FOX Business: Capitalism Lives Here
U.S. equities took a beating on Thursday, with the major market averages shedding about 1%, as Congress remained deeply divided on plans to halt a government shutdown and avert a default on American debt.
According to preliminary calculations, the Dow Jones Industrial Average fell 137 points, or 0.9%, to 14996, the S&P 500 dropped 15.2 points, or 0.9%, to 1679 and the Nasdaq Composite sold off by 40.7 points, or 1.1%, to 3774.
The partial U.S. government shutdown is now pushing the three-day mark, furloughing hundreds of thousands of workers and closing many "non-essential" services. More alarming for Wall Street is the October 17 deadline for when the Treasury Department won't be able to make good on America's obligations. If Congress doesn't raise the debt limit on time, it could ignite massive financial backlash.

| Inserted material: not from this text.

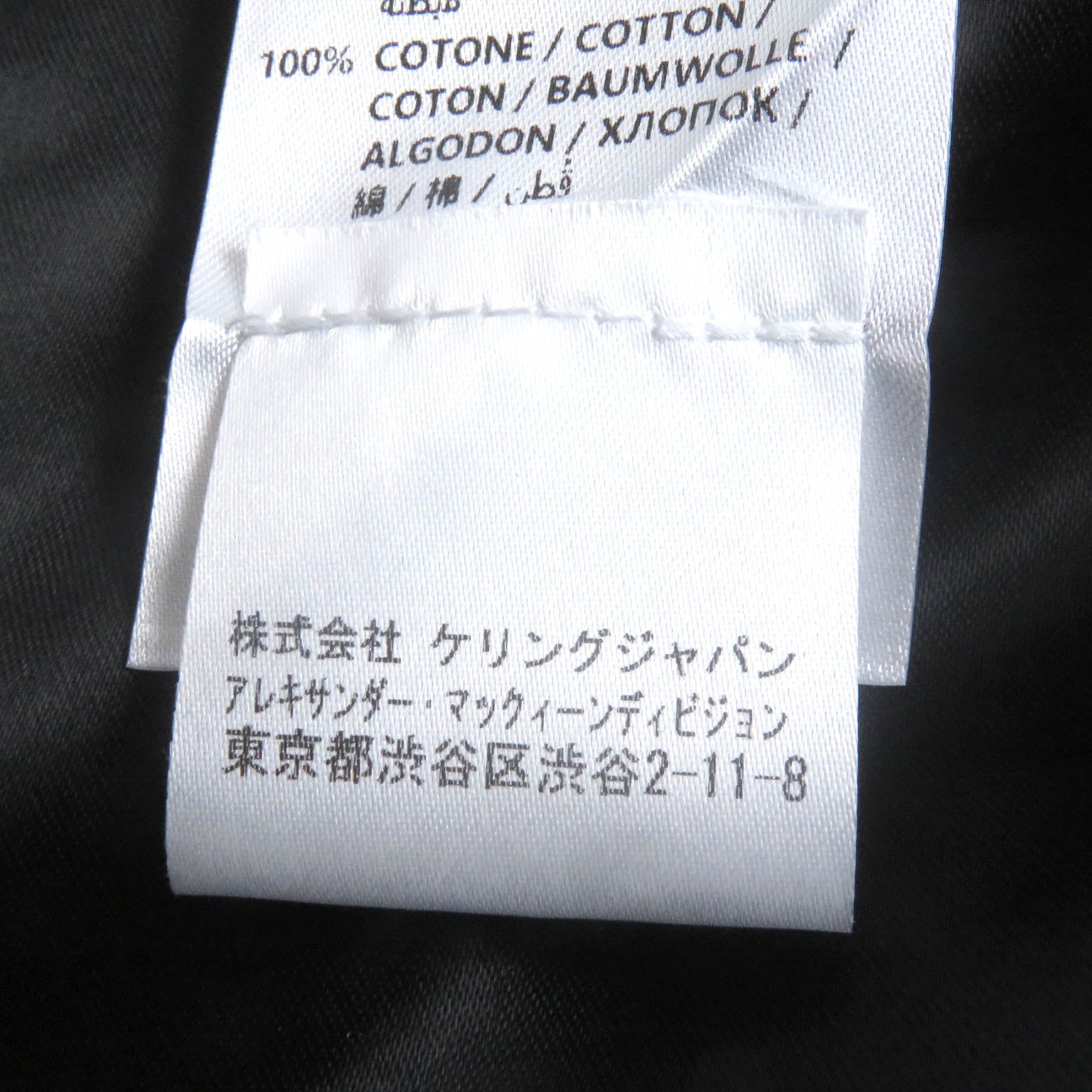 アレキサンダーマックイーン ウールコート ダークグレー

In a sign of just how bad the situation is in Washington, D.C., President Barack Obama met with House Speaker John Boehner on Wednesday night. The two reportedly had an amicable meeting, but no progress was made between the leading Democrat and Republican.
Separately, there were gunshots heard outside the U.S. Capitol building, sparking a lockdown of the building. U.S. equities did not post a material reaction, but it did initially reverberate through currency markets.
On the economic front, the Institute for Supply Management’s non-manufacturing gauge slowed to 54.4 in September from 58.6 the month prior. The metric missed expectations of 57.4. Readings above 50 indicate expansion, while those below point to contraction for the U.S. services sector.
The number of individuals filing for first-time jobless benefits rose by 1,000 last week to 308,000 -- a slightly lower level than the 315,000 economists expected.
"This continued low level of initial claims reflecting a reduced pace of firing’s could also be evidence of a sort of freeze on corporate behavior with respect to the labor market," Peter Boockvar, chief market analyst at The Lindsey Group wrote to clients. "Employers aren’t looking to trim their work forces but at the same time are only incrementally looking to add."
Later, at 10:00 a.m. ET, the markets will get a reading on service-sector growth. The Institute for Supply Management's non-manufacturing gauge is forecast to have fallen to 57.4 in September from 58.6 the month prior. Readings above 50 point to expansion, while those below indicate contraction.
In commodities, U.S. crude oil futures fell 44 cents, or 0.42%, to $103.64 a barrel. Wholesale New York Harbor gasoline rose 0.7% to $2.647 a gallon. In metals, gold slid $17.70, or 1.4%, to $1,303 a troy ounce.
The Euro Stoxx 50 fell 0.2% to 2912, the English FTSE 100 rose 0.34% to 6459 and the German DAX was unchanged at 8629.
In Asia, the Japanese Nikkei 225 tilted lower by 0.09% to 14157 and the Chinese Hang Seng rallied 1% to 23214.